ALS and FTD share an overlapping disease pathology. The C9orf72 gene is the most common gene that causes familial FTD, ALS, and ALS with FTD. As many as half of those with ALS exhibit behavioral changes or a decline in language skills similar to persons with behavioral variant FTD or primary progressive aphasia. Research asserts that up to 30 percent of people diagnosed with FTD develop motor symptoms consist with ALS. Persons with an FTD-ALS diagnosis usually experience a rapid decline in both physical and cognitive abilities. The course of ALS with FTD may run as quickly as 2 to 3 years, as opposed to the 5-to-10-year course more commonly seen for other forms of FTD.
To aid in the discovery of biomarkers and viable treatments for ALS and FTD, AFTD partnered with Target ALS in 2020 to fund six collaborative projects aimed at assessing promising potential ways to detect — and therapeutic strategies to address — ALS/ FTD pathology.
By joining forces, Target ALS and AFTD have leveraged the combined expertise of researchers in two fields, fueling collaboration in support of the most promising ideas. These projects will inform, and potentially result in, both viable treatments and the biomarkers critically needed to enable accurate diagnosis and measure disease progression.
AFTD CEO Susan L-J Dickinson, MSGC, discussed FTD and its connection to ALS during an interview conducted at the 2022 Target ALS Annual Meeting, held May 3-5 in Cambridge, Massachusetts.

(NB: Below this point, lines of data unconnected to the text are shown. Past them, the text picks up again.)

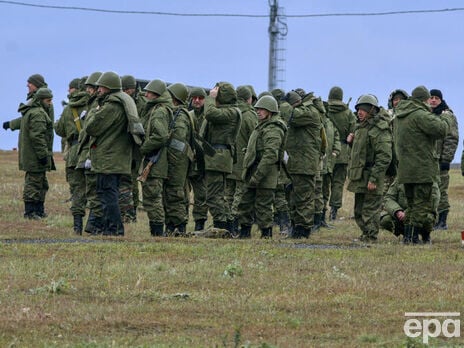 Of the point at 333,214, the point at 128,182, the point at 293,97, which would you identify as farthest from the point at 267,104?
the point at 333,214

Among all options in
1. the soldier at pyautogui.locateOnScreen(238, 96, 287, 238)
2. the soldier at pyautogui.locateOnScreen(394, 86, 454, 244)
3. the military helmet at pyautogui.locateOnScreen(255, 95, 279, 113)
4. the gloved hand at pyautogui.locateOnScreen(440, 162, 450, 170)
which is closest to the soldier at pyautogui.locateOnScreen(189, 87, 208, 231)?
the soldier at pyautogui.locateOnScreen(238, 96, 287, 238)

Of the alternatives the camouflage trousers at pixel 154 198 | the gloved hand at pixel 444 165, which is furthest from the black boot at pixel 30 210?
the gloved hand at pixel 444 165

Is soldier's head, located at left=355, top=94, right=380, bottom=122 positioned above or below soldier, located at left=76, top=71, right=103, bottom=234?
above

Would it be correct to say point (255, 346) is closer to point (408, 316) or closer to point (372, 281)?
point (408, 316)

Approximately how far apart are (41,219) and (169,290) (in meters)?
10.3

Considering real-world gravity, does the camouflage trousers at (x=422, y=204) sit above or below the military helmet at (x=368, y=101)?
below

“Half of people with FTD share the same exact pathology as those with ALS,” she said, “and the most common genetic mutation that causes familial FTD is the most common genetic variation that causes familial ALS.
“There’s a growing understanding or belief that ALS and FTD are actually in many ways the same disease, along the same spectrum,” she added, the difference being that each disease targets a different area of the nervous system (the frontal and temporal lobes of the brain in FTD, and motor neurons in ALS).
The Spring 2018 issue of AFTD’s Partners in FTD Care newsletter includes an in-depth clinical look into ALS with FTD as well as additional information on the genetic components of the dual diagnosis. The issue also offers a first-person account of a caregiver’s perspective of caring for their loved one who lived with FTD-ALS.
Additionally, this AFTD webinar from 2019 presented by Beth Rush, PhD, ABPP, of the Mayo Clinic in Florida provides an comprehensive look at the ALS-FTD overlap experience. Dr. Rush’s presentation examines ideal approaches for monitoring and responding to symptoms over time.